Amtrak 145 in on _California Zephyr_ traveling to Chicago again. It is now heading east across Iowa over half an hour late. I caught it in Agency, Iowa. It is the second unit on the train. There have been reports on other websites that it was leading.



Also, it might just be me, but the lead engine's horn sounds a bit funny. I wonder it may be fouled, or if it might have something to do with the temperature being 18 degrees Fahrenheit with a wind chill of -3 degrees (Happy first day of spring!).


----------



## Agent (Mar 21, 2013)

Amtrak 145 is leading the _California Zephyr_ out west again. Here it is leaving Ottumwa, Iowa on time. The engineer was kind enough to give a horn salute.


----------



## Agent (Mar 26, 2013)

Amtrak 145 should arrive in Chicago again later today leading Amtrak #6(24). I caught the _Zephyr_ east of Agency, Iowa running about 12 minutes late, but the slow order heard being given to Amtrak's engineer (or is it conductor? I'm not sure.) in the first part of the video put the train over half an hour late.


----------



## AlanB (Mar 26, 2013)

Agent said:


> but the slow order heard being given to Amtrak's engineer (or is it conductor? I'm not sure.)


That would have been either the engineer or the fireman.
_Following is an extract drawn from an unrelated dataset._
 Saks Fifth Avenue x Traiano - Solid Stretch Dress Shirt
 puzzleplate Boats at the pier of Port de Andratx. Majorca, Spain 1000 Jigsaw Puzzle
Since the other voice clearly identified himself as being the foreman, that means that the voice from Amtrak had to have been in the engine. The Conductor isn't allowed to copy the slow order & authority to pass the red flag. Not to mention that's unlikely that his radio would have reached the foreman; only the more powerful radio in the engine would be able to transmit/receive that far.

The engineer/fireman will then repeat the order to the conductor, but again the engineer/fireman is the one who takes the initial order.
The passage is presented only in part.